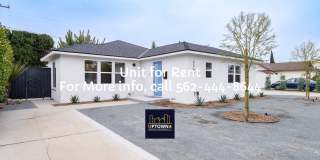 AVAILABLE - July 1 - HOUSE - 3 Bedrooms / 2 Baths - Long Beach Gallery 1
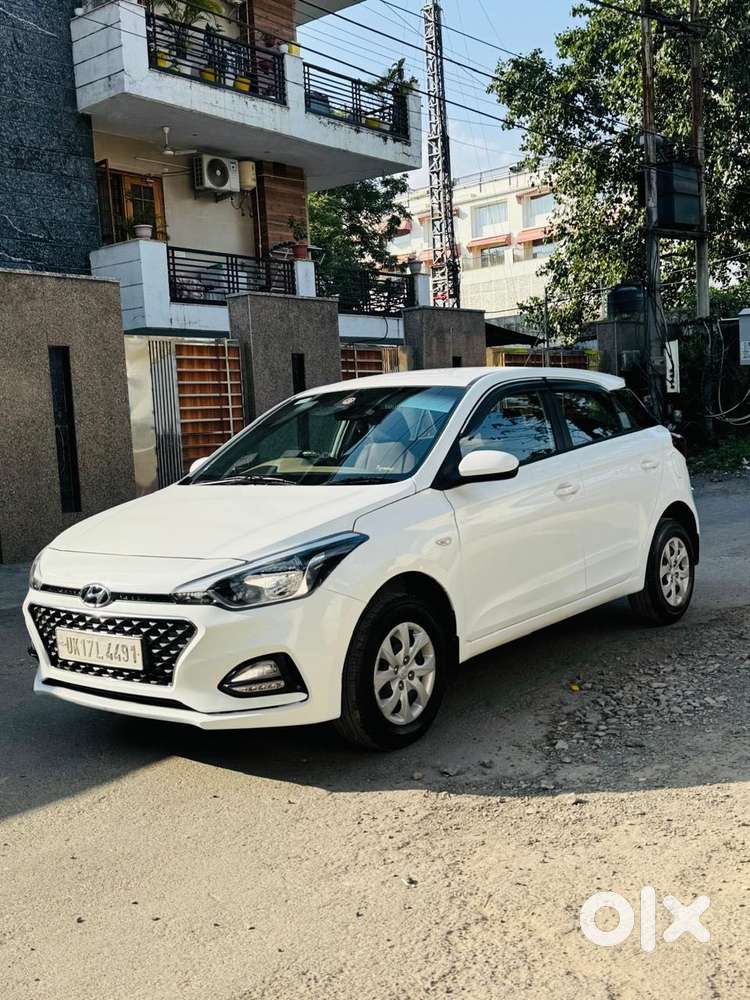 Hyundai I20 Magna Plus Diesel, 2019, Diesel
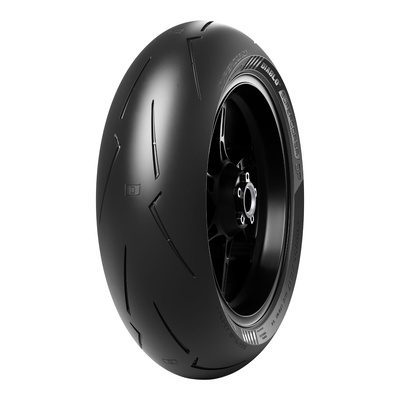 Pirelli Diablo Supercorsa Sp V4 180/55ZR17 (73W) TL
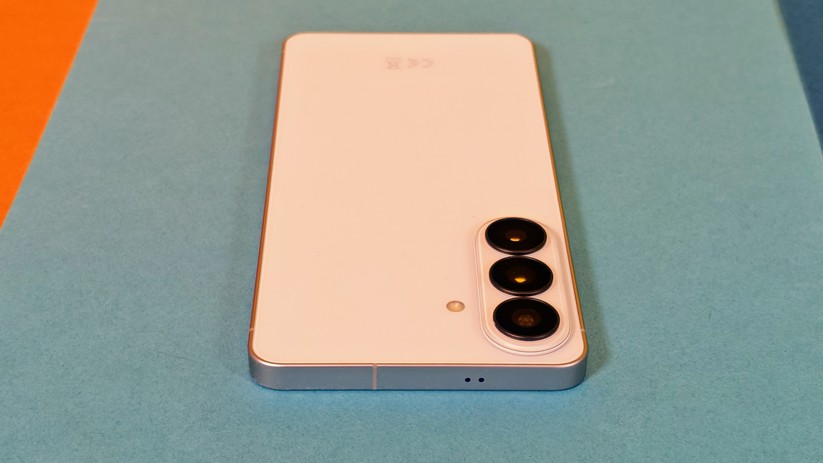 Samsung Galaxy S26+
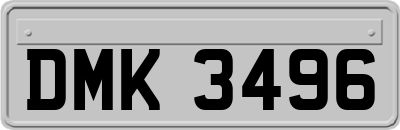 DMK3496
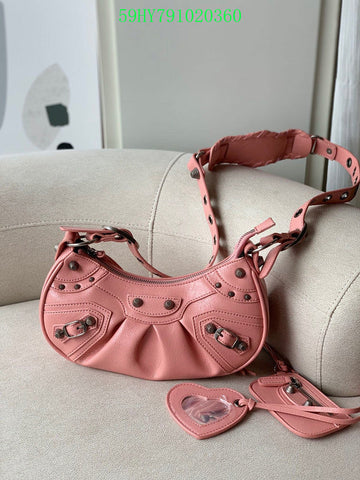 Makersluxe Bags - BGA Bags - 2015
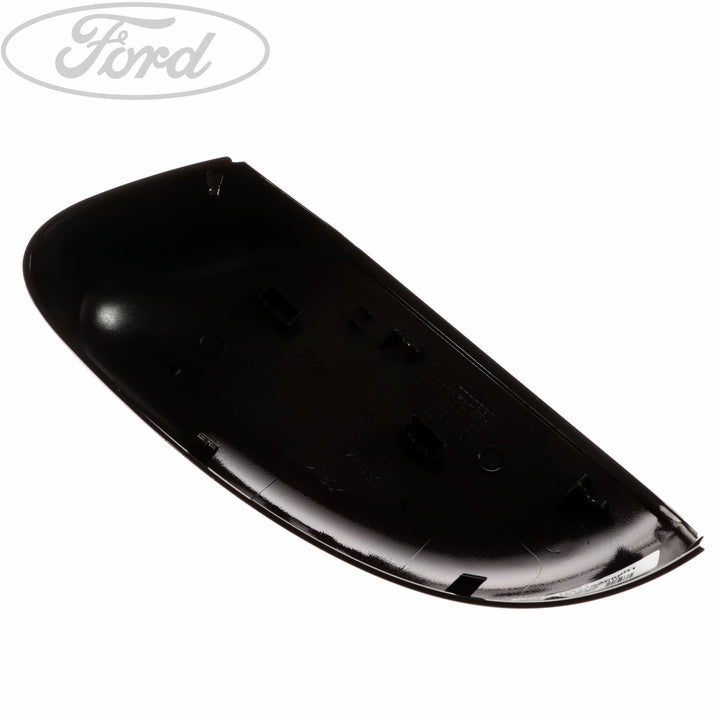 FOCUS MK2 FRONT O/S RIGHT WING MIRROR HOUSING CAP COVER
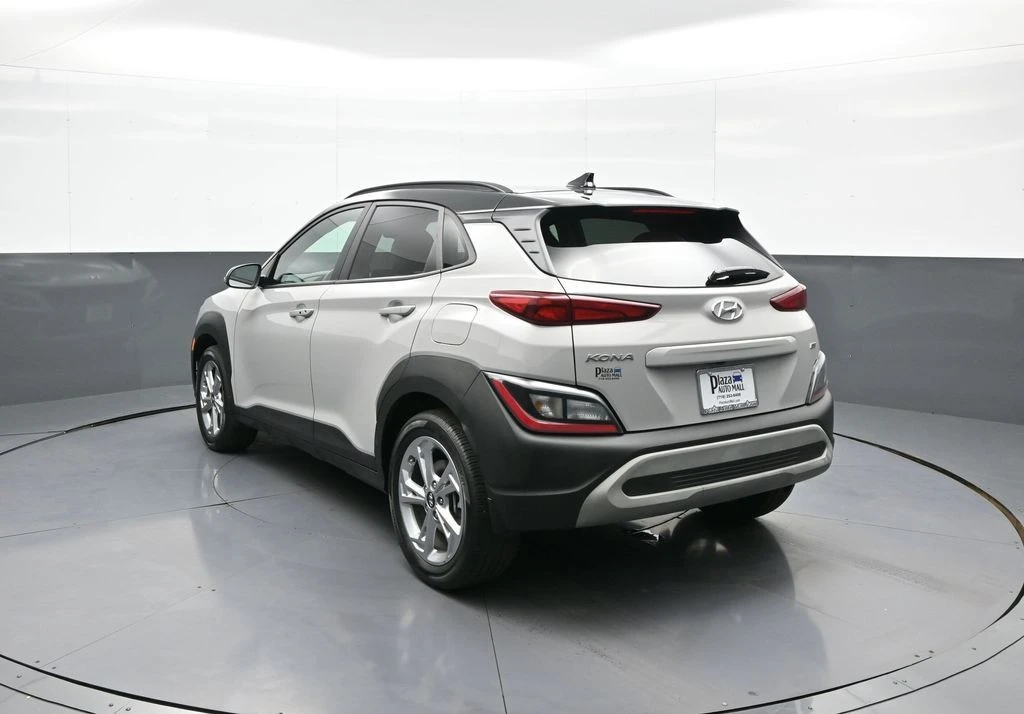 2023 Hyundai Kona - Image 8 of 21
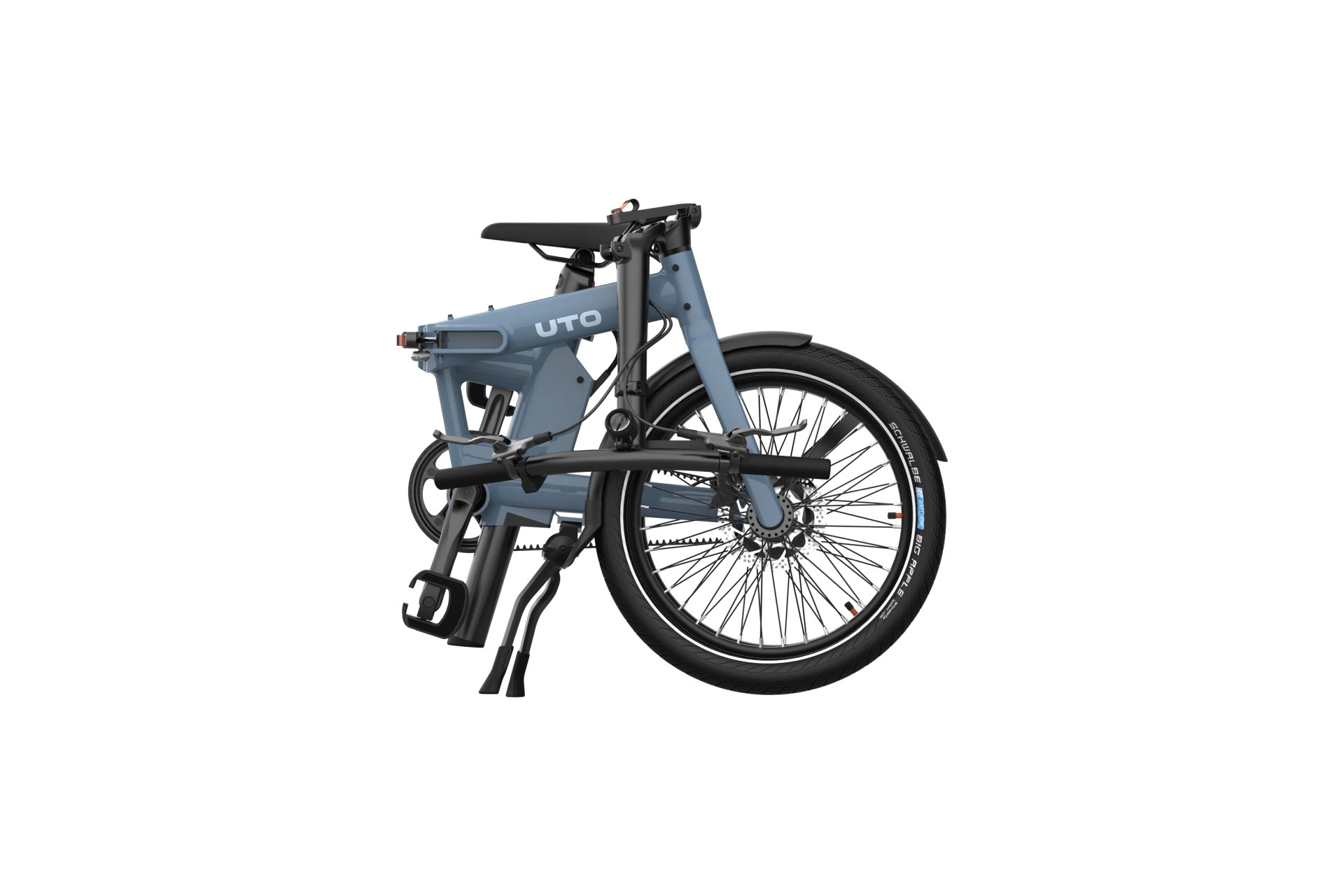 UTO PRO20 - 352 Wh - 20 Zoll - Faltrahmen - 2026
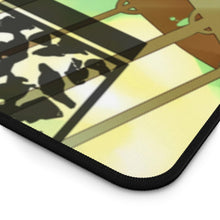 Load image into Gallery viewer, Anime Original Mouse Pad (Desk Mat) Hemmed Edge

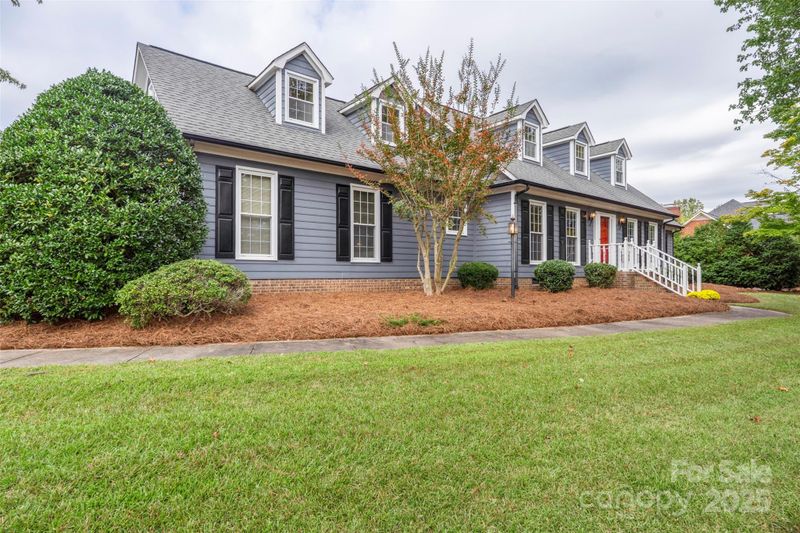 1106 Setter Ln SE, Concord, NC 28025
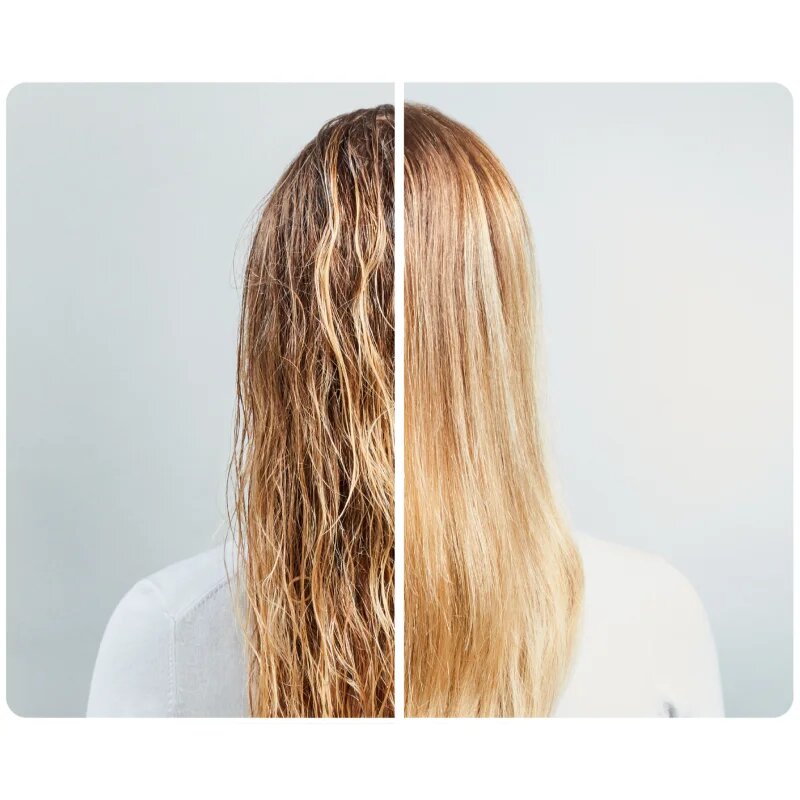 Rowenta Powerstraight Air UB5920F0 krtača za likanje las za lase 1 kos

*Instructions to follow*. When you reach a picture in the records above, pass over it and transcribe the rest exactly.

*Response to the task*.
 AVAILABLE - July 1 - HOUSE - 3 Bedrooms / 2 Baths - Long Beach Gallery 1
 Hyundai I20 Magna Plus Diesel, 2019, Diesel
 Pirelli Diablo Supercorsa Sp V4 180/55ZR17 (73W) TL
 Samsung Galaxy S26+
 DMK3496
 Makersluxe Bags - BGA Bags - 2015
 FOCUS MK2 FRONT O/S RIGHT WING MIRROR HOUSING CAP COVER
 2023 Hyundai Kona - Image 8 of 21
 UTO PRO20 - 352 Wh - 20 Zoll - Faltrahmen - 2026
 Load image into Gallery viewer, Anime Original Mouse Pad (Desk Mat) Hemmed Edge

 1106 Setter Ln SE, Concord, NC 28025
 Rowenta Powerstraight Air UB5920F0 krtača za likanje las za lase 1 kos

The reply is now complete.